UPDATED 01:47 EDT / SEPTEMBER 26 2016

NEWS

Ripple signs deal with banks to enable blockchain-based global money transfers

The Society for Worldwide Interbank Financial Telecommunication (SWIFT) may finally have some competition with a number of major global banks signing on with Ripple Labs Inc. to found a new group that will support a new global transfer system based on Ripple’s blockchain platform.

Founding members of the Global Payments Steering Group (GPSG) are Bank of America Merrill Lynch, Santander, UniCredit, Standard Chartered, Westpac Banking Corporation and Royal Bank of Canada.

The group intends to oversee the creation and maintenance of Ripple’s global payment transaction rules, formalized standards for activity using Ripple and other actions to support the implementation of Ripple’s blockchain based payment capabilities.

GPSG overall aim is to drastically reduce the time and cost of financial settlements while enabling new types of high-volume, low-value global transactions by building a modern payments network built on the blockchain, the first such inter-bank global transfer system to do so.

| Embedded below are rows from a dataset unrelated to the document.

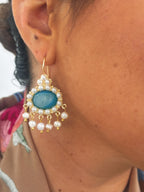 Pendientes Leticia Cristal natural azul y perla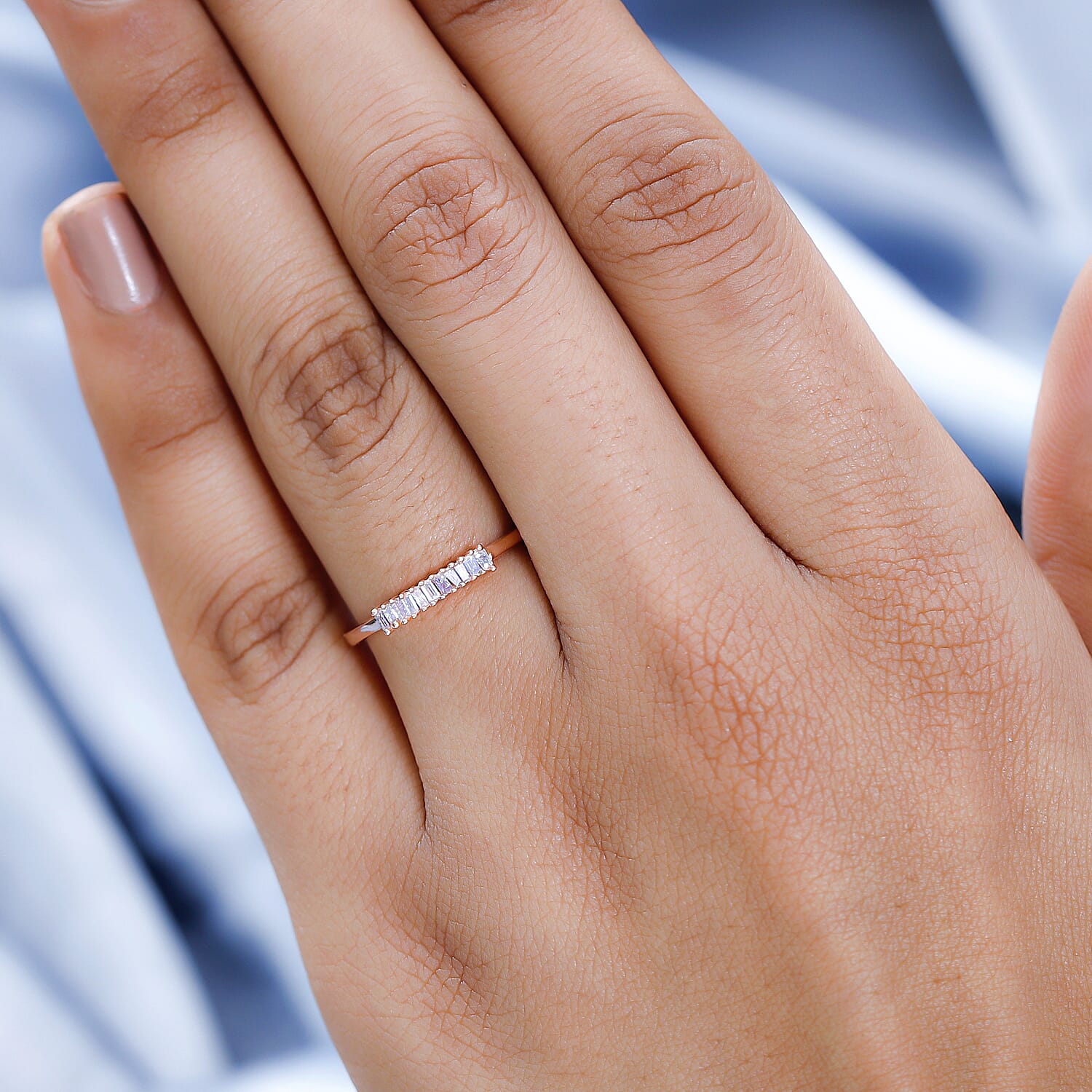 Pink Diamond Band Ring in 18K Rose Gold Vermeil Plated Sterling Silver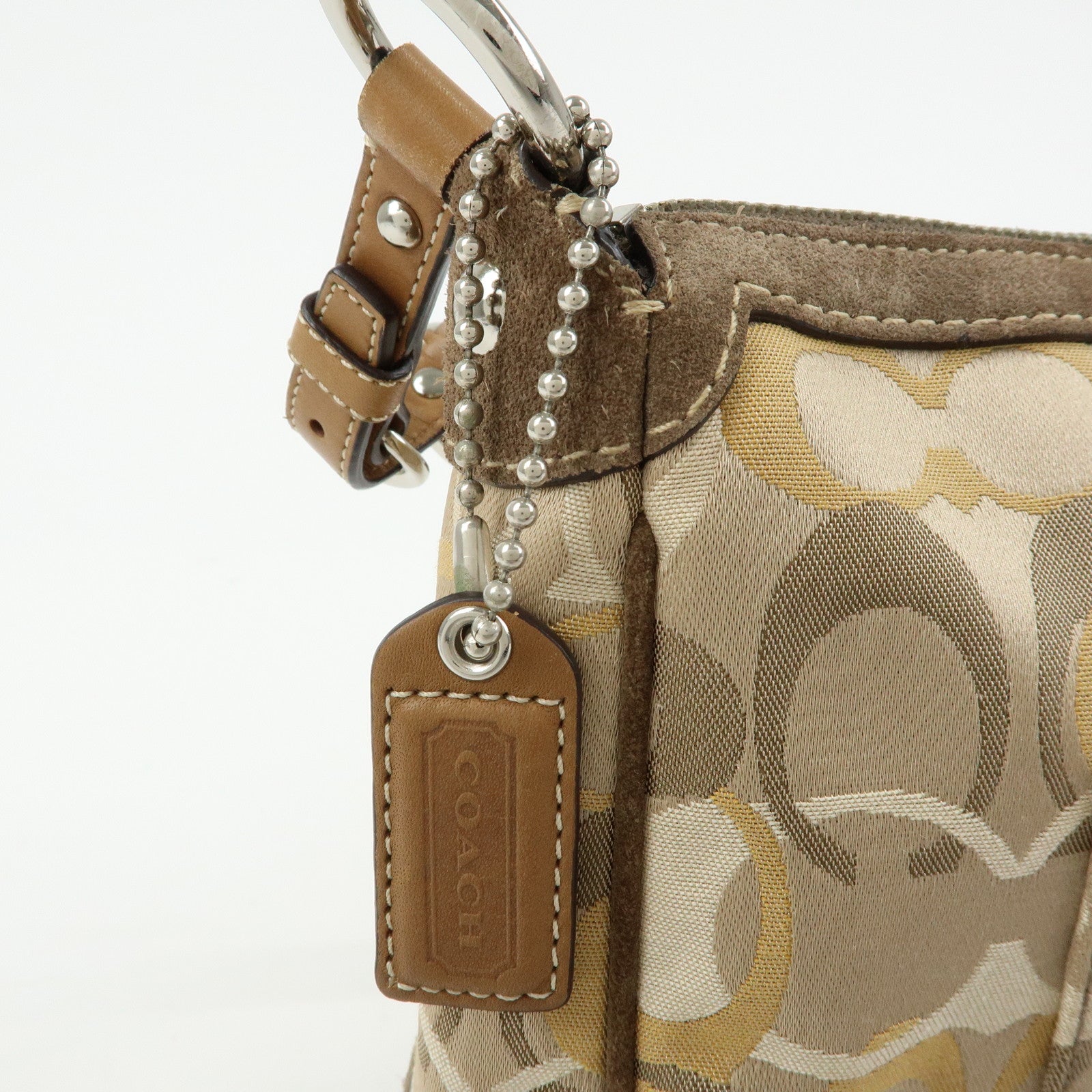 COACH Signature Canvas Suede Leather Shoulder Bag Beige Brown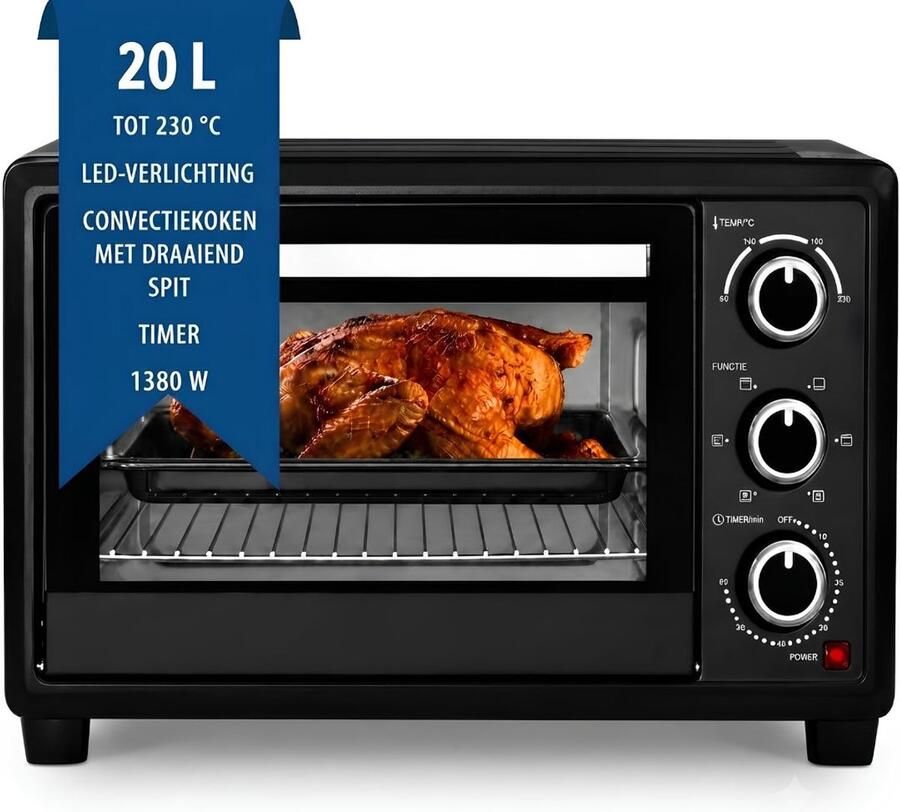 Vali Mini Oven Kleine Oventje Mini Oven Vrijstaand Zwart 34cm x 46cm x 29cm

“Today, people expect money to move at the speed of the Internet. That’s why we’re working with these top banks to address the need for faster cross-border payments,” Ripple Chief Executive Officer and cofounder Chris Larsen said in a statement. “The work of GPSG, a new global interbank network, will give financial institutions and their customers the ability to make new types of payments at mass scale.”

Speed

If you’ve ever needed to transfer money offshore before, you’ll know how slow it can be, and much of that is due to the legacy network provided by SWIFT.

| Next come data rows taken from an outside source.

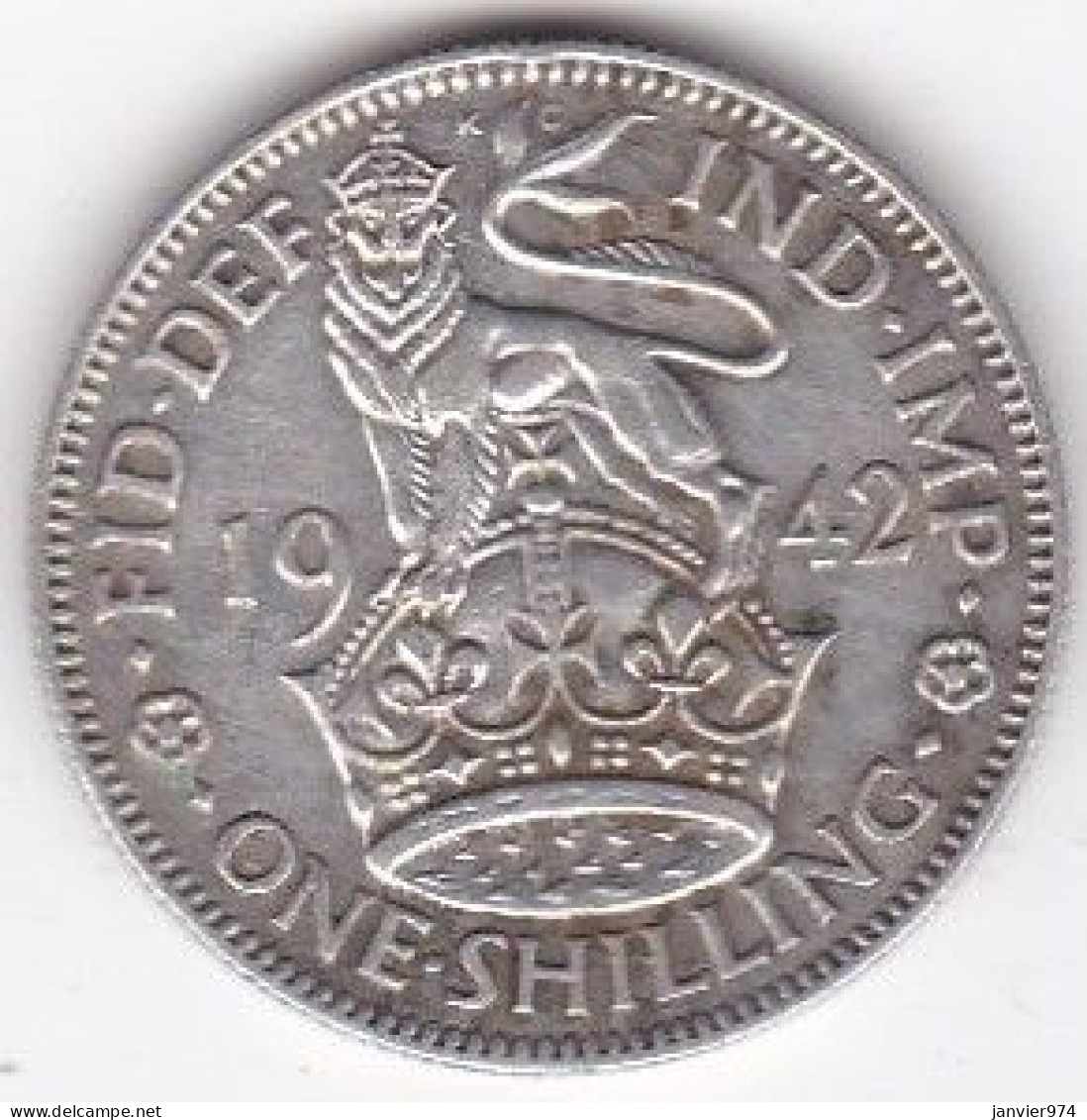 Grande Bretagne 1 Shilling 1942 George VI , En Argent, KM# 853 - I. 1 Shilling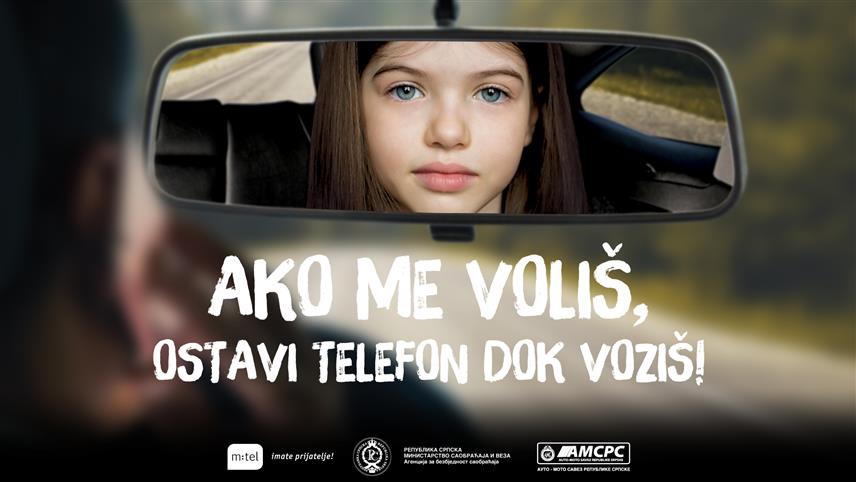 БАЊАЛУКА, 15. СЕПТЕМБРА /СРНА/ - Компанија "М:тел" и ове године спроводи традиционалну кампању "Ако ме волиш, остави телефон док возиш" с циљем да се скрене пажња возачима на опасности и потребу за одговорним понашањем за воланом, јер ниједан позив или порука нису важнији од безбједности у саобраћају, а нарочито дјеце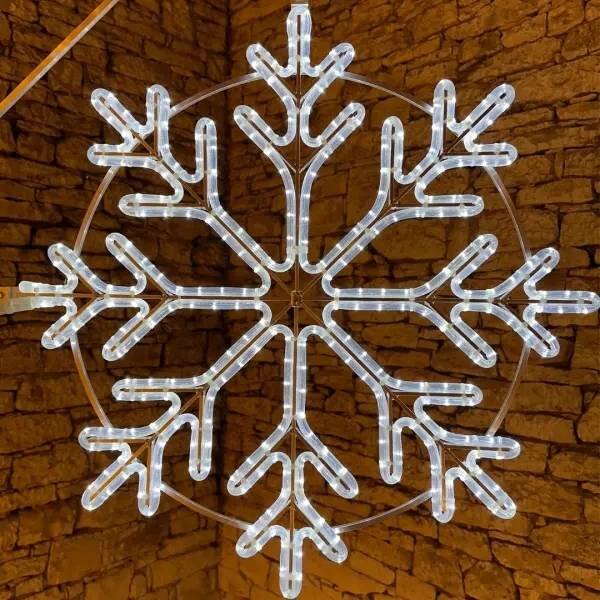 Easy Fix 2D LED svetelná vločka II, Ø 80 cm, ľadovo biela 3D tlač, sada verejného osvetlenia, hliník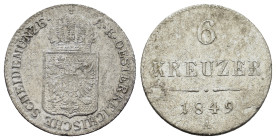 Austria. 6 Kreuzer 1849 A AR (19,3mm, 1.6g). KM 2200.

The Internet is hardly new and we have now for a decent amount of time been able to send emails to each other instantaneously, so why shouldn’t the transfer of fiat money, which in most cases primarily only exists in a digital form anyway, be any different?

While it’s early days for Ripple’s new GPSG group and ultimately to be totally successful they’ll need to sign on more partners, the concept of using the blockchain to enable instant or near-instant global transfers between banks is without question a solid one.

Ripple is already working with 15 of the top 50 global banks on internal blockchain transfer systems, making an inter-bank transfer platform their next logical step.